- EXERCISE -
Take the whole listing and reproduce it exactly, pictures excepted.

- EXERCISE DATA -
|---|
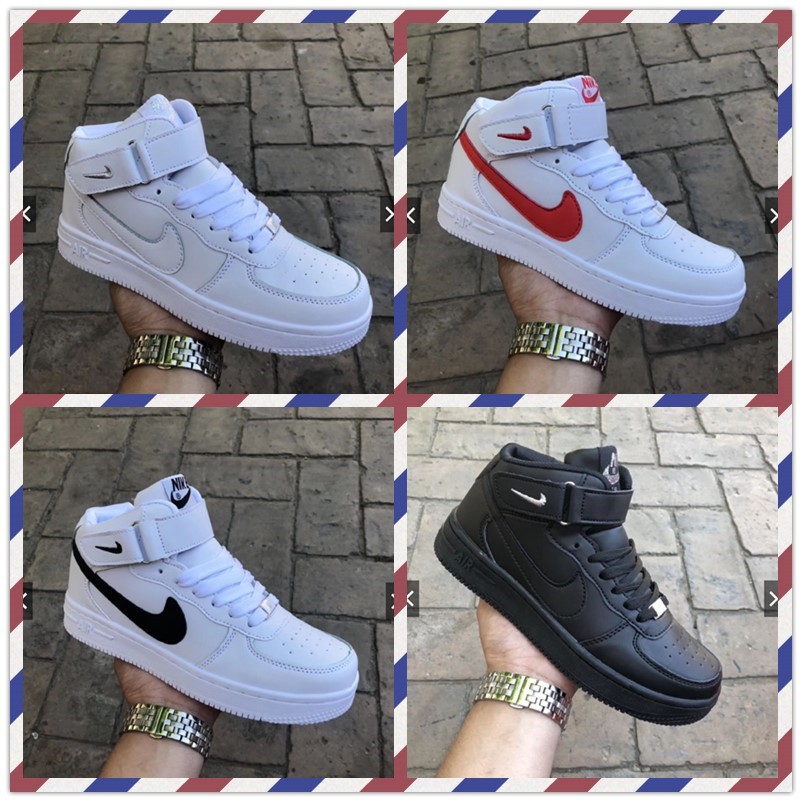 kasut nike air force high cut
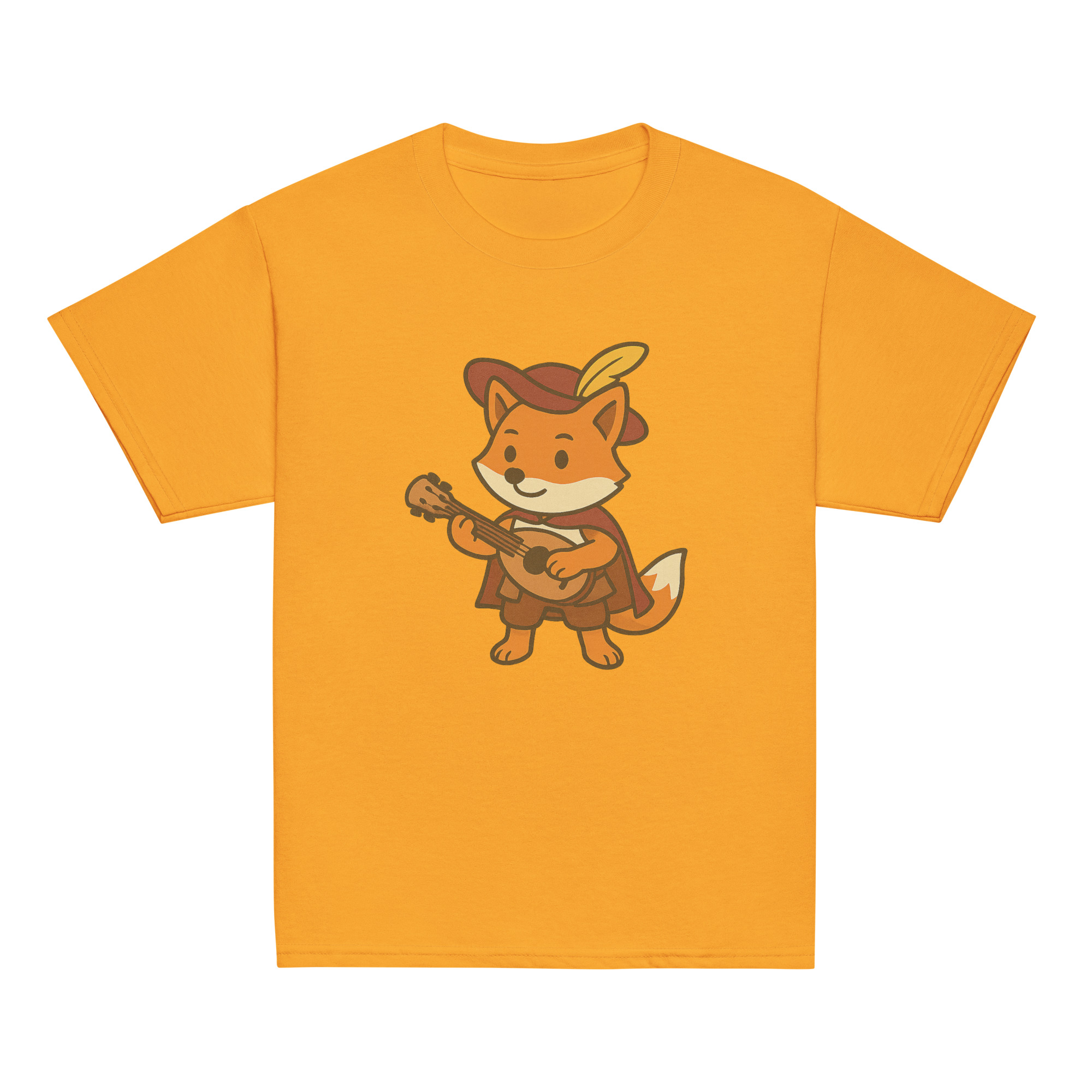Fox Bard - Klassisches DTF-T-Shirt für Jugendliche – Bild 15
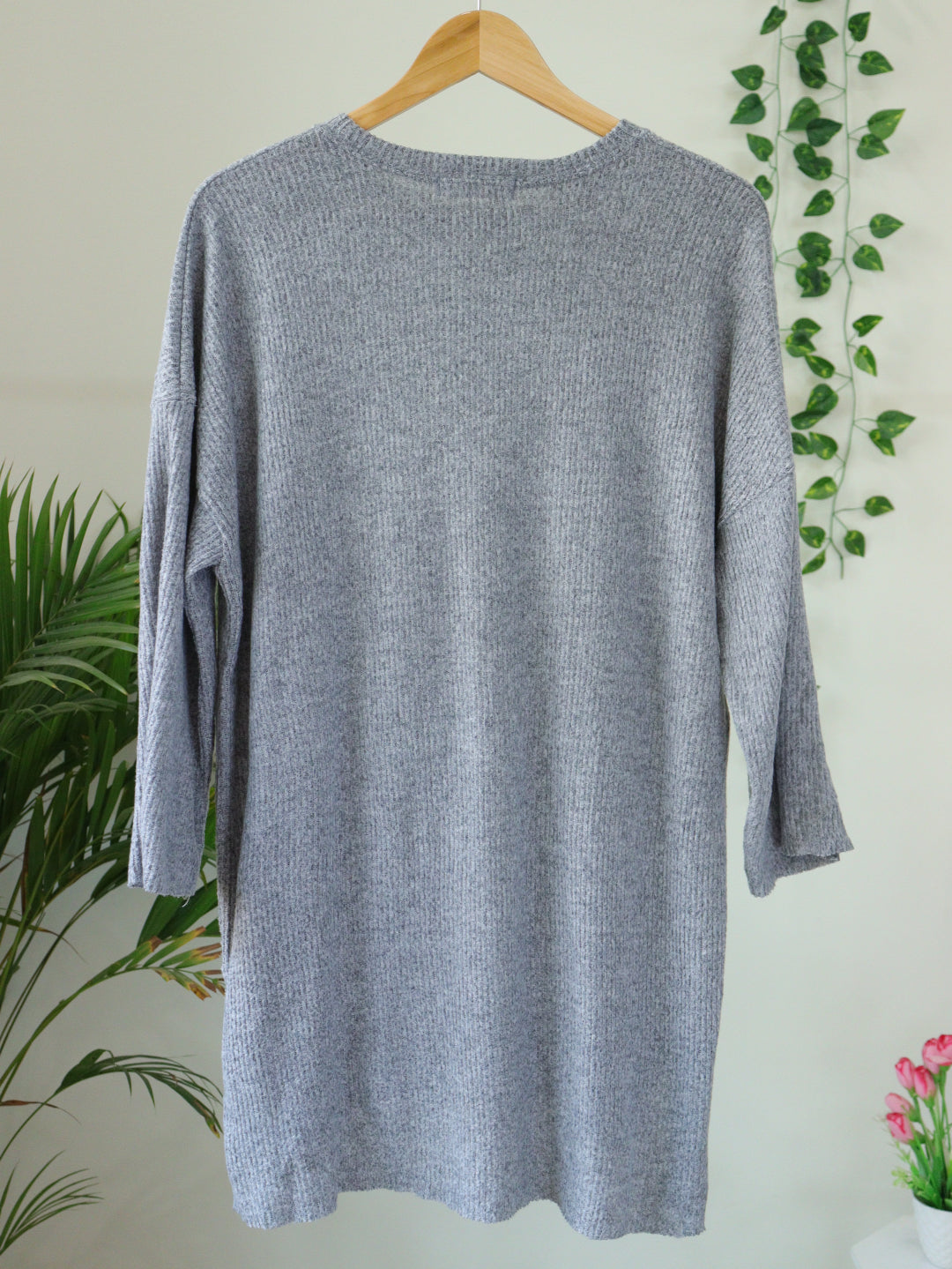 Grey Sweater - 46"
|---|
- RESPONSE AREA -
 kasut nike air force high cut
Fox Bard - Klassisches DTF-T-Shirt für Jugendliche – Bild 15
 Grey Sweater - 46"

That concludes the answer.